* _INFORMATION SUPPLIED_
········

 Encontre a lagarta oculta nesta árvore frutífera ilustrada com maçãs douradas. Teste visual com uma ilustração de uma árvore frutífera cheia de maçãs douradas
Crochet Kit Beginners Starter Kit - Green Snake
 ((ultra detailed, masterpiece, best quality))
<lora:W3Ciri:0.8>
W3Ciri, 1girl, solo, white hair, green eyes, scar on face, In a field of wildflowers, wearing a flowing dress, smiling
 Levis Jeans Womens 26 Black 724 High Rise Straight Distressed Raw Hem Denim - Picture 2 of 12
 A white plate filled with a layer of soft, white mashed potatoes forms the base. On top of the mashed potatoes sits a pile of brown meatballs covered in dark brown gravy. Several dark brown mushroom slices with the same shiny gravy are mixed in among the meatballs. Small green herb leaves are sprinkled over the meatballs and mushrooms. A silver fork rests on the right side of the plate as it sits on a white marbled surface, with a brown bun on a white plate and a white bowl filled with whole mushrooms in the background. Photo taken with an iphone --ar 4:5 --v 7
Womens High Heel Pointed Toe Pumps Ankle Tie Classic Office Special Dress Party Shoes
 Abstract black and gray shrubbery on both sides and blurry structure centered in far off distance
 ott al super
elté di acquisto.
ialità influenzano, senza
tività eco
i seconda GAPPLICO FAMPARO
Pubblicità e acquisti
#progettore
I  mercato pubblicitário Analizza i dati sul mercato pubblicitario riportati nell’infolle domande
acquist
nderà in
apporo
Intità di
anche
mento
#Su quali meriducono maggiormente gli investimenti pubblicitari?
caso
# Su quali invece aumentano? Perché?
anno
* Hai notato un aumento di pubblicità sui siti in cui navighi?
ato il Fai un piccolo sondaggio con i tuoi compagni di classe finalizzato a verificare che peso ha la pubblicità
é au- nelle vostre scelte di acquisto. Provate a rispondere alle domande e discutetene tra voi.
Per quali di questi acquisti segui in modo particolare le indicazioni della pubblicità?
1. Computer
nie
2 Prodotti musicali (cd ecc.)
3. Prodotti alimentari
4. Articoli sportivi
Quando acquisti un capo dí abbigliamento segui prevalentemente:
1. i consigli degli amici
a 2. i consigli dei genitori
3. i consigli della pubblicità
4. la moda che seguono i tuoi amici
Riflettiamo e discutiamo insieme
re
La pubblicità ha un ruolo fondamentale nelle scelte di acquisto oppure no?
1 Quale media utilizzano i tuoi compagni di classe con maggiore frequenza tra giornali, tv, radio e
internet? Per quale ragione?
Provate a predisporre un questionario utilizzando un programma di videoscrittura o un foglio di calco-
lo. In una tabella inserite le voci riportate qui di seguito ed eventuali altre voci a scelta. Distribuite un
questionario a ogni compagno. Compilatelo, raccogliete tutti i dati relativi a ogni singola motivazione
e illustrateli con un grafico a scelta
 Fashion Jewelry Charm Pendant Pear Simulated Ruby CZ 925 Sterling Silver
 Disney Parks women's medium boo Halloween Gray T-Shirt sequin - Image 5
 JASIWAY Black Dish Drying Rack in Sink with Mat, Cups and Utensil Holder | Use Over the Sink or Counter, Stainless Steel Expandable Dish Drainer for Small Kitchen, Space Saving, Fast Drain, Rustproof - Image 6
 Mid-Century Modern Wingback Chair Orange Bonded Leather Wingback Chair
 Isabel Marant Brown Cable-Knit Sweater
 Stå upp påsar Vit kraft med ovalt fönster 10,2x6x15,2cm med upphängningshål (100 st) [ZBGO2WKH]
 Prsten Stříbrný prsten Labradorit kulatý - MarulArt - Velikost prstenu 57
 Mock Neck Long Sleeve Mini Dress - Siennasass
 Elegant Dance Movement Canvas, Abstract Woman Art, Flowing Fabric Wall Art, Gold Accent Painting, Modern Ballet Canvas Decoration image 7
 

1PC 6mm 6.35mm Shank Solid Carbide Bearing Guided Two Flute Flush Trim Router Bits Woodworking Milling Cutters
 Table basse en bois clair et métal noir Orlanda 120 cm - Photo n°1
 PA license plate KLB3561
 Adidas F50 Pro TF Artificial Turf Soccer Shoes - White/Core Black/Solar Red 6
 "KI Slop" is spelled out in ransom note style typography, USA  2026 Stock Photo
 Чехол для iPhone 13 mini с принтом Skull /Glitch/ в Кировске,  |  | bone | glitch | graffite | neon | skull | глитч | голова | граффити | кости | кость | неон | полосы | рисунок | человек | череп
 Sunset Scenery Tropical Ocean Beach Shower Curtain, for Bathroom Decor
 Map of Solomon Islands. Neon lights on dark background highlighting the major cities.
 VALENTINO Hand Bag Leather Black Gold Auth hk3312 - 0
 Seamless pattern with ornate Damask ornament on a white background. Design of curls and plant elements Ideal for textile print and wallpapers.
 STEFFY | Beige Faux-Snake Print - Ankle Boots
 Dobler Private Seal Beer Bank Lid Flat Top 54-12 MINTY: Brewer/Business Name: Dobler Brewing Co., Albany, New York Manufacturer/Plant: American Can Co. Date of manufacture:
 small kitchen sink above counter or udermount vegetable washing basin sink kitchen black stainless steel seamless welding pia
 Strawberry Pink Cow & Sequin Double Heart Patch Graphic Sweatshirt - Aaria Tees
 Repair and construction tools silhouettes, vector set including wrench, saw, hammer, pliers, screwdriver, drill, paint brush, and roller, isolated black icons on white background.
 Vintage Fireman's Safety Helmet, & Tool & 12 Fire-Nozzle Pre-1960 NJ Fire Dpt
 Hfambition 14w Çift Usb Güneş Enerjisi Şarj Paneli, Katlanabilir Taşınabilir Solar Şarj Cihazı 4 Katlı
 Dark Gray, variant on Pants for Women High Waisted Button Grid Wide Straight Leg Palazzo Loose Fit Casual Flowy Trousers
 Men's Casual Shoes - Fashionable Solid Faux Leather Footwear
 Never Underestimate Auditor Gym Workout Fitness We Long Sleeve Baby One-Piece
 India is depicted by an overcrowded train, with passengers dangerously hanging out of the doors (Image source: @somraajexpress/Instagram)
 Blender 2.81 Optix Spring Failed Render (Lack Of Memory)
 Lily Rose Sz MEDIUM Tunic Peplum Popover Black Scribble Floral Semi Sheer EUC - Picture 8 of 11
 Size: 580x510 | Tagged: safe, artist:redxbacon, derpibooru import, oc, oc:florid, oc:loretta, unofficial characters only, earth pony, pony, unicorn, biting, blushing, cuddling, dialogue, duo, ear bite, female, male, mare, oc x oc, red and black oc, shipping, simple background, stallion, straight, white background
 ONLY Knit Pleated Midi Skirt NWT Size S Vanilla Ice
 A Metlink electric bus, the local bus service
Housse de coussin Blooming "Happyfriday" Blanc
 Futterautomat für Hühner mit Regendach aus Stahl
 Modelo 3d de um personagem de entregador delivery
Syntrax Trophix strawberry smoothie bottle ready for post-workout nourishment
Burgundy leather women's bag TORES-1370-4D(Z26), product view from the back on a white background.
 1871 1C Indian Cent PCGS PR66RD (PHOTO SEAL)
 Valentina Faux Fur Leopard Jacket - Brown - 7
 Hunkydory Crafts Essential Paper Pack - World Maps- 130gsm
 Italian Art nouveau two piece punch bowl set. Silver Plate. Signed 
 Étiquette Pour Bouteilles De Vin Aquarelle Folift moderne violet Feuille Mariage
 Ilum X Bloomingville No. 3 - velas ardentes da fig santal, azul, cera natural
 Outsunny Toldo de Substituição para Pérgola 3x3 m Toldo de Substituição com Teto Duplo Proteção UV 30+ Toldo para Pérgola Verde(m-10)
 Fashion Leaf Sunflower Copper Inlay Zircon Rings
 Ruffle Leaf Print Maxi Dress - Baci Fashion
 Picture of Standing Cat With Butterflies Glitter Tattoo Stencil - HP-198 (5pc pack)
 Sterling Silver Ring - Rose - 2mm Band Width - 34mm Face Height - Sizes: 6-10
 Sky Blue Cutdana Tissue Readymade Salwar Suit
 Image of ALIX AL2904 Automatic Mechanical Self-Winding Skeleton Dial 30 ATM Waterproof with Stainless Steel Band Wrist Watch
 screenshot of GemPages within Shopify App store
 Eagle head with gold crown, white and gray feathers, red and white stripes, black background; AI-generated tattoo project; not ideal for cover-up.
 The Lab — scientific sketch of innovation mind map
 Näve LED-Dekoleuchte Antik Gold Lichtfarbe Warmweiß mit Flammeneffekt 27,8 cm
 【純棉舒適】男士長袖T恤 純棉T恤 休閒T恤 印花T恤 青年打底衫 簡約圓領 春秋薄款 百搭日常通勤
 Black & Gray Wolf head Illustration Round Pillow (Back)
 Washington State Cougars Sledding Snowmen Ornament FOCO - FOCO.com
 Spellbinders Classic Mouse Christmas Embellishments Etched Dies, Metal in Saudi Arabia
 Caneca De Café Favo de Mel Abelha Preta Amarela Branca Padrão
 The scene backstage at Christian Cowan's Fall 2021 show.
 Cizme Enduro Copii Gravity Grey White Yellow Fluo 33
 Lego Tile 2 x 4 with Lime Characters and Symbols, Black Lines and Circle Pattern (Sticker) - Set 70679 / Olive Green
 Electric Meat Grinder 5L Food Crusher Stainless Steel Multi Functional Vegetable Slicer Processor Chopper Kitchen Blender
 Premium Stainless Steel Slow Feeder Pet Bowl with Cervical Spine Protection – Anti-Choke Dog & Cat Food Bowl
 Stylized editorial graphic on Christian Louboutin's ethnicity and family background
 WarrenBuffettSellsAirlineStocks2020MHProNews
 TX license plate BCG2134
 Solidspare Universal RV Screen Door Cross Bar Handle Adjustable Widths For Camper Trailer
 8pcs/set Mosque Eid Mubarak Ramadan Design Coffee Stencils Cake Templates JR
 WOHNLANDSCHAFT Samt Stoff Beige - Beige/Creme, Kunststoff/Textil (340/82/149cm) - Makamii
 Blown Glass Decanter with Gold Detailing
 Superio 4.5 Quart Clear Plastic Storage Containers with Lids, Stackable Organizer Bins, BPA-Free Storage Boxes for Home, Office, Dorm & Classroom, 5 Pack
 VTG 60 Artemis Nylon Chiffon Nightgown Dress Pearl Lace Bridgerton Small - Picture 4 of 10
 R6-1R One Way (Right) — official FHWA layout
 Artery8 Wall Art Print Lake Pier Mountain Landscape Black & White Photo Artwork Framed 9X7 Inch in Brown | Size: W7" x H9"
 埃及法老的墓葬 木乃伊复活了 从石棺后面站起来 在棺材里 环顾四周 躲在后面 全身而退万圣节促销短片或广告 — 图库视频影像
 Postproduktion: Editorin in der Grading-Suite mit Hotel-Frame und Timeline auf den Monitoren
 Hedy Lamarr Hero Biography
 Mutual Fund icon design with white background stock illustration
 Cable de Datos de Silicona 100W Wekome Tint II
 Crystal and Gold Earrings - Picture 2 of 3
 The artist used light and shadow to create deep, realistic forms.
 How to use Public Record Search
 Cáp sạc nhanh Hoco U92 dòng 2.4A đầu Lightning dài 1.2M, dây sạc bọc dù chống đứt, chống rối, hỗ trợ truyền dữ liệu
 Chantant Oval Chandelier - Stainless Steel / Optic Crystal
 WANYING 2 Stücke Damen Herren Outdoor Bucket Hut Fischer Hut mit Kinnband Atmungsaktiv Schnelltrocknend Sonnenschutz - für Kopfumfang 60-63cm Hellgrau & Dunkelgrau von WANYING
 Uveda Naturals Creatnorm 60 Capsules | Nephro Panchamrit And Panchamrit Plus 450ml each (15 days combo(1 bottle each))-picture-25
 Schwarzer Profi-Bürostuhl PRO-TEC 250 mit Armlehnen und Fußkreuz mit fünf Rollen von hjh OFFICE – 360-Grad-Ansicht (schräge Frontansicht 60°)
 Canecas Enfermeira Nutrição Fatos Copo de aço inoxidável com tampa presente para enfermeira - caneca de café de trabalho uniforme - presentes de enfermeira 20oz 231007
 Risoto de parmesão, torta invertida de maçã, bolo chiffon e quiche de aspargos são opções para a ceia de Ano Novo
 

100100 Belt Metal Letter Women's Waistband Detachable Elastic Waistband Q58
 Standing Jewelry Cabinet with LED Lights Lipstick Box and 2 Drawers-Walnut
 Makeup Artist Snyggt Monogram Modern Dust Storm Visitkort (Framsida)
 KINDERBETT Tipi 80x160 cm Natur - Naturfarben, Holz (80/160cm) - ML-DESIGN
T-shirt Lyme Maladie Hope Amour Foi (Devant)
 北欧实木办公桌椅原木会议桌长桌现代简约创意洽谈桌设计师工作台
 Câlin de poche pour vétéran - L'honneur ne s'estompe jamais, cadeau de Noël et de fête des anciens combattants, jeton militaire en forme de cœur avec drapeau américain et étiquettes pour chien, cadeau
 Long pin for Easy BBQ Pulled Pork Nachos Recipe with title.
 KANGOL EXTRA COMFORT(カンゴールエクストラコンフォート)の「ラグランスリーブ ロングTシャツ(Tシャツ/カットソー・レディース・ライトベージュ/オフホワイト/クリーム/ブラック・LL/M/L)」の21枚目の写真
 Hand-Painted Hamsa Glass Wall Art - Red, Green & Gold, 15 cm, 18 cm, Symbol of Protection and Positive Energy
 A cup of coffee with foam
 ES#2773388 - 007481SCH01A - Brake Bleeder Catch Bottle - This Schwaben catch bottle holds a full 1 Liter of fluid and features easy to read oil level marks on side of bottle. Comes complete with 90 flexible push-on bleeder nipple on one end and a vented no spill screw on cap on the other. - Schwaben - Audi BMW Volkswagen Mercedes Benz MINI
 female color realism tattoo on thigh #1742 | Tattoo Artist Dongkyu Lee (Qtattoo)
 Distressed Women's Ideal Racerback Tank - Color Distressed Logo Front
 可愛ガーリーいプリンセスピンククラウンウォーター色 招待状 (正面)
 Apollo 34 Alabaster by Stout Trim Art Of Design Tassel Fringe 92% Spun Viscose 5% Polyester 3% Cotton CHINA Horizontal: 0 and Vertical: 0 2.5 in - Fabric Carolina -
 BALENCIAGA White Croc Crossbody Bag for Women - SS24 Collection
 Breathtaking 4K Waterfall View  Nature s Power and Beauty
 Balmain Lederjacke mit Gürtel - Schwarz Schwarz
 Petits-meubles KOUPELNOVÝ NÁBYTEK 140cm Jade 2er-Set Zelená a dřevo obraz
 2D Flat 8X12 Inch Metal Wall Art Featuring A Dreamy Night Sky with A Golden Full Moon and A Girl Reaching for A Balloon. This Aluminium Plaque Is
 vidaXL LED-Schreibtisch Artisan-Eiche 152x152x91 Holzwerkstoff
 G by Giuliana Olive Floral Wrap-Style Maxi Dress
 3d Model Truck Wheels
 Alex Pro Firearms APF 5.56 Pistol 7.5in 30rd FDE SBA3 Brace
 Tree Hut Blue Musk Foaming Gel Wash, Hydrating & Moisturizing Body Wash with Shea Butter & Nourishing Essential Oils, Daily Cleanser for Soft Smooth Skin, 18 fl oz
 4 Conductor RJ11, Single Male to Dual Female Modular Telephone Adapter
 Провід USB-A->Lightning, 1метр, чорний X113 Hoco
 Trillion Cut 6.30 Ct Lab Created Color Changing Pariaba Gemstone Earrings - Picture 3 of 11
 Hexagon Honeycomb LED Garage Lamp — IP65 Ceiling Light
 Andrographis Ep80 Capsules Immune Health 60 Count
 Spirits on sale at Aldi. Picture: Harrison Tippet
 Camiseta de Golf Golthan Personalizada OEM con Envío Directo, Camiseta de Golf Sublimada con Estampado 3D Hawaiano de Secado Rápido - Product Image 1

········

* _DIRECTIONS FOR THIS TASK_
Look above for the line holding "screenshot of GemPages" and the line holding "Washington State Cougars", then output exactly those two lines and every line between them, nothing more.

* _ANSWER SECTION_
 screenshot of GemPages within Shopify App store
 Eagle head with gold crown, white and gray feathers, red and white stripes, black background; AI-generated tattoo project; not ideal for cover-up.
 The Lab — scientific sketch of innovation mind map
 Näve LED-Dekoleuchte Antik Gold Lichtfarbe Warmweiß mit Flammeneffekt 27,8 cm
 【純棉舒適】男士長袖T恤 純棉T恤 休閒T恤 印花T恤 青年打底衫 簡約圓領 春秋薄款 百搭日常通勤
 Black & Gray Wolf head Illustration Round Pillow (Back)
 Washington State Cougars Sledding Snowmen Ornament FOCO - FOCO.com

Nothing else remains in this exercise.